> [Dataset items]
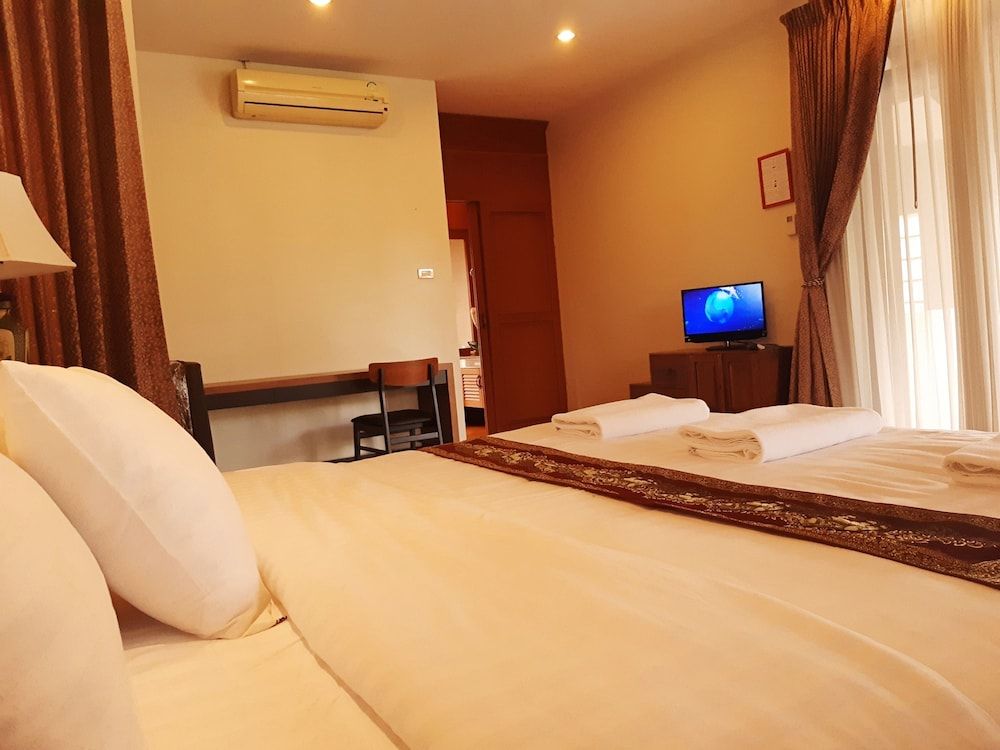 Punnapha Pool Villa Pattaya 4-Bedroom Pool Villa 5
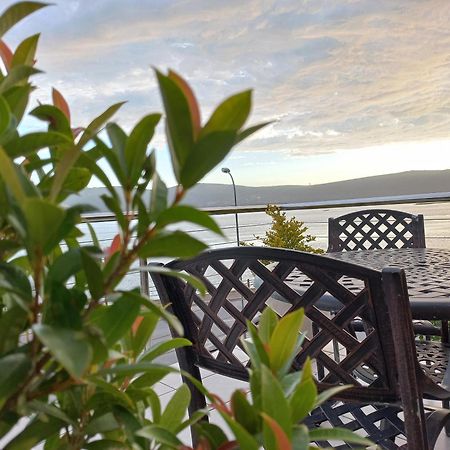 Phoenix Lodge And Waterside Accommodation 克尼斯纳 外观 照片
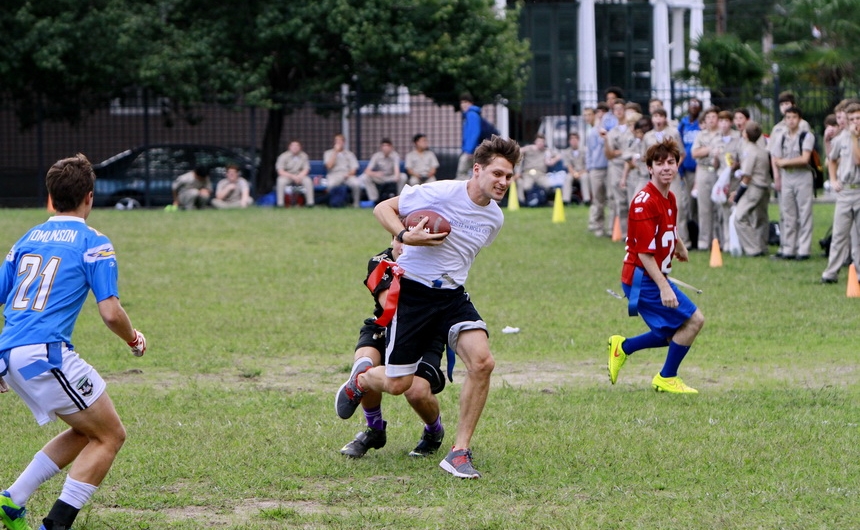 homecoming-week_senior-faculty-football_10022014_11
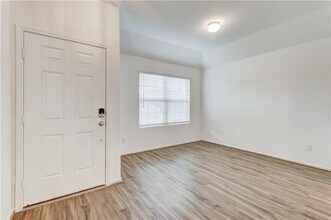 5808 San Savino Dr in Round Rock, TX - Building Photo - Building Photo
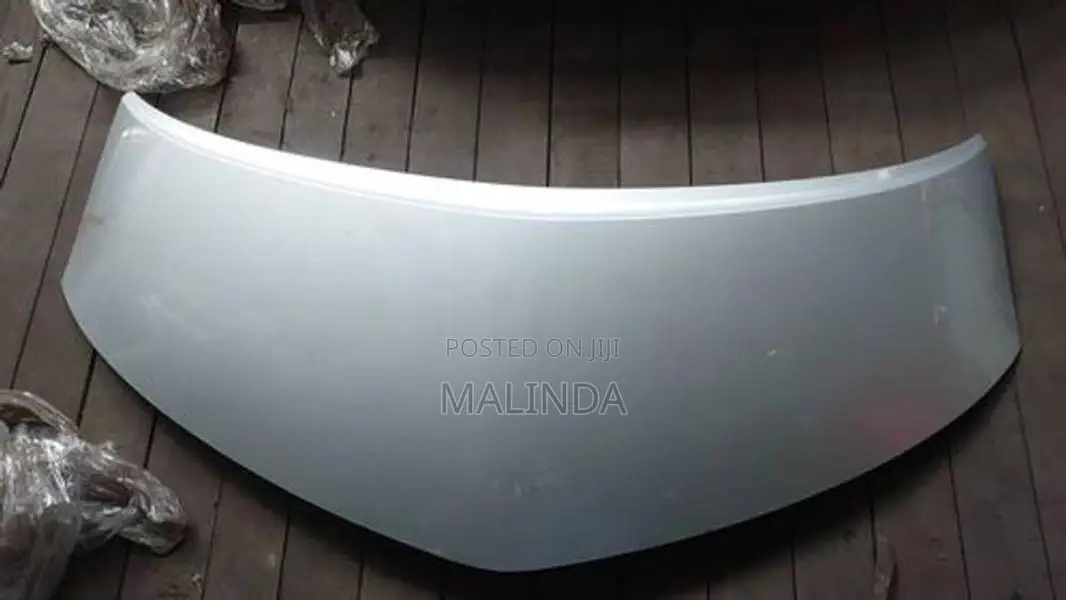 Toyota Estima (AHR20) Bonnet - Reconditioned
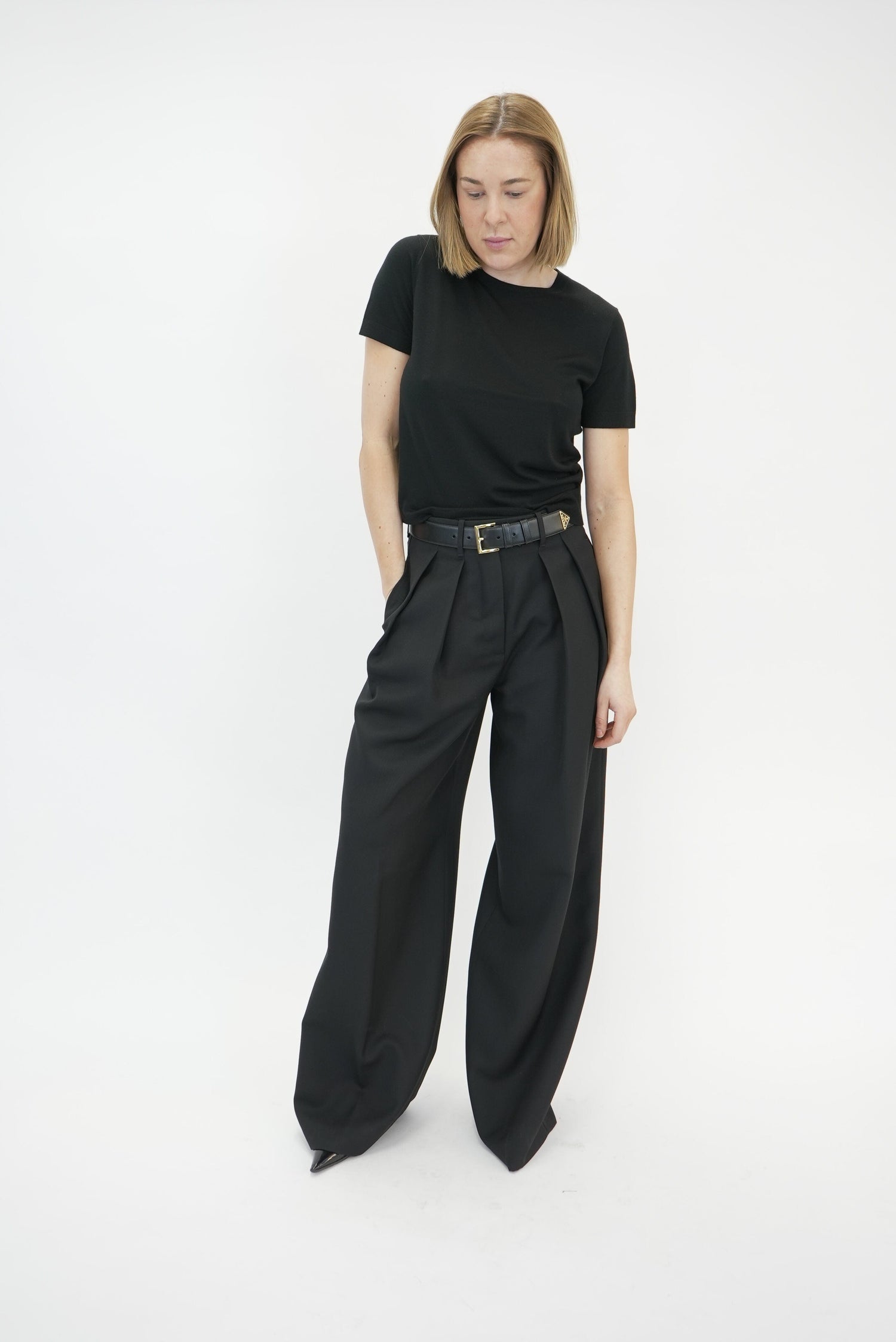 BASIC TEE IN REGAL WOOL IN BLACK KNIT THEORY 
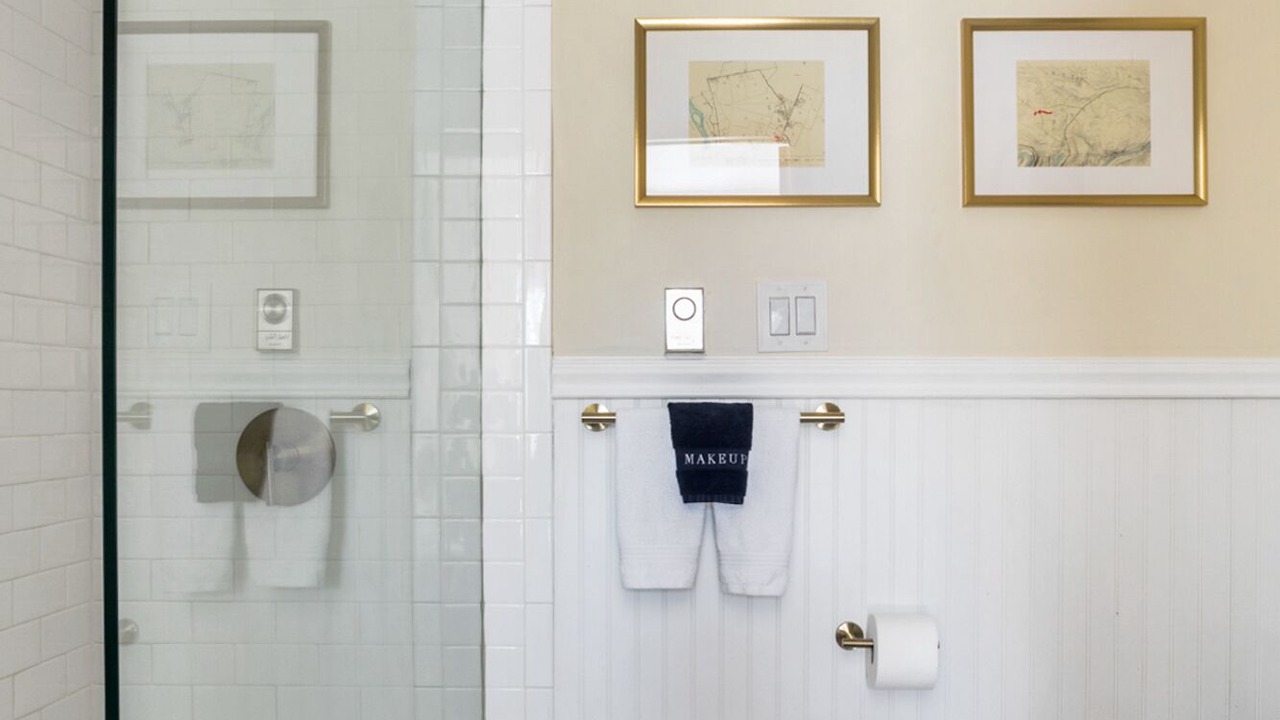 Photo of Bathroom in Narrowsburg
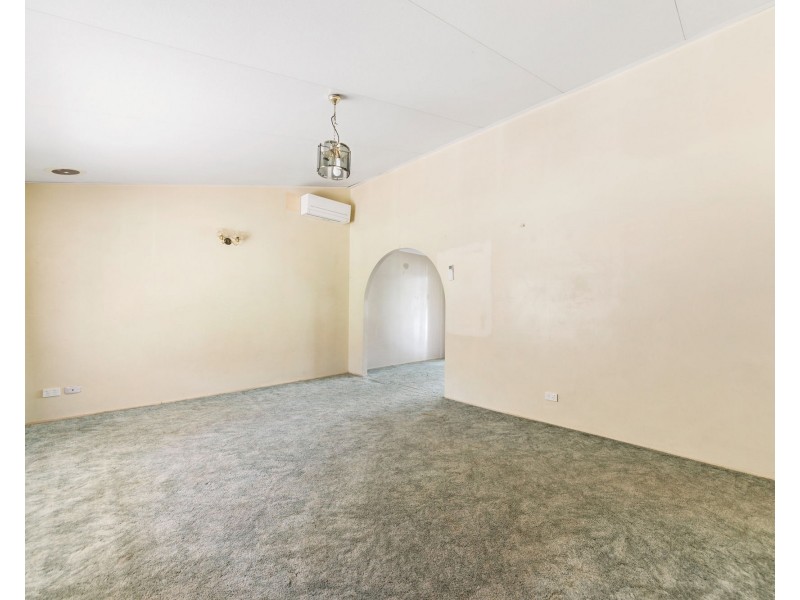 21 Louis Street, Beenleigh QLD 4207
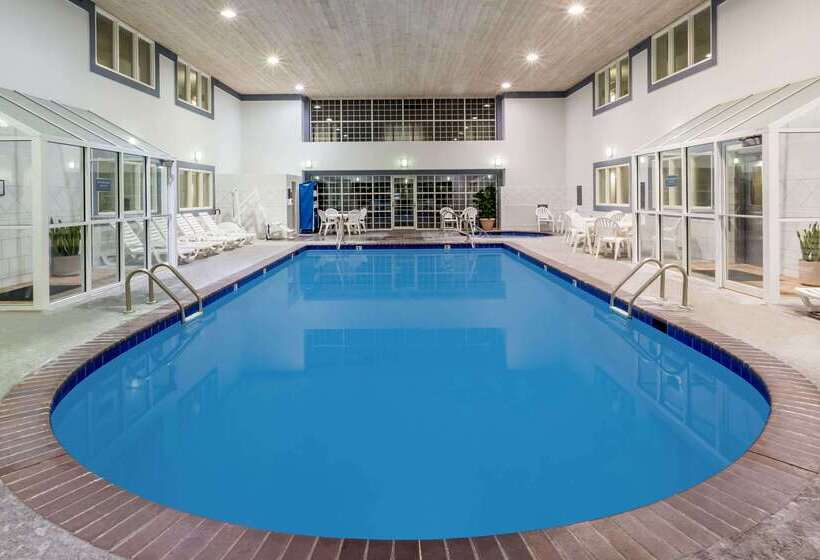 בית מלון כפרי Baymont By Wyndham Des Moines Airport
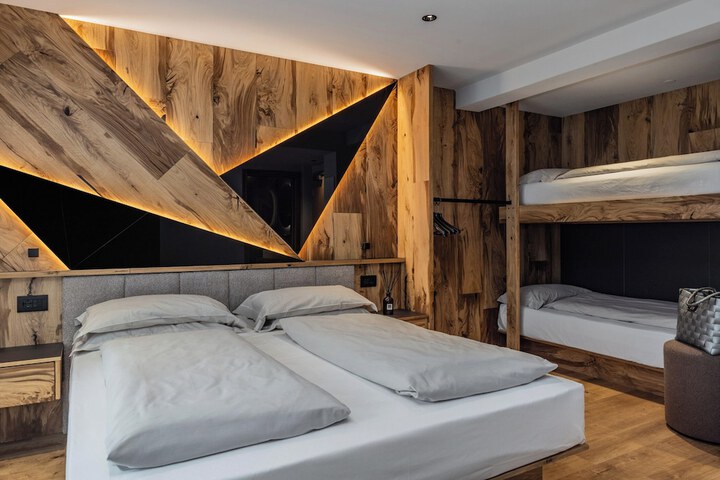 Room 28 of 54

> [What you need to do]
Transcribe the records above exactly, excluding every picture.

> [Written solution]
 Punnapha Pool Villa Pattaya 4-Bedroom Pool Villa 5
 Phoenix Lodge And Waterside Accommodation 克尼斯纳 外观 照片
 homecoming-week_senior-faculty-football_10022014_11
 5808 San Savino Dr in Round Rock, TX - Building Photo - Building Photo
 Toyota Estima (AHR20) Bonnet - Reconditioned
 BASIC TEE IN REGAL WOOL IN BLACK KNIT THEORY 
 Photo of Bathroom in Narrowsburg
 21 Louis Street, Beenleigh QLD 4207
 בית מלון כפרי Baymont By Wyndham Des Moines Airport
 Room 28 of 54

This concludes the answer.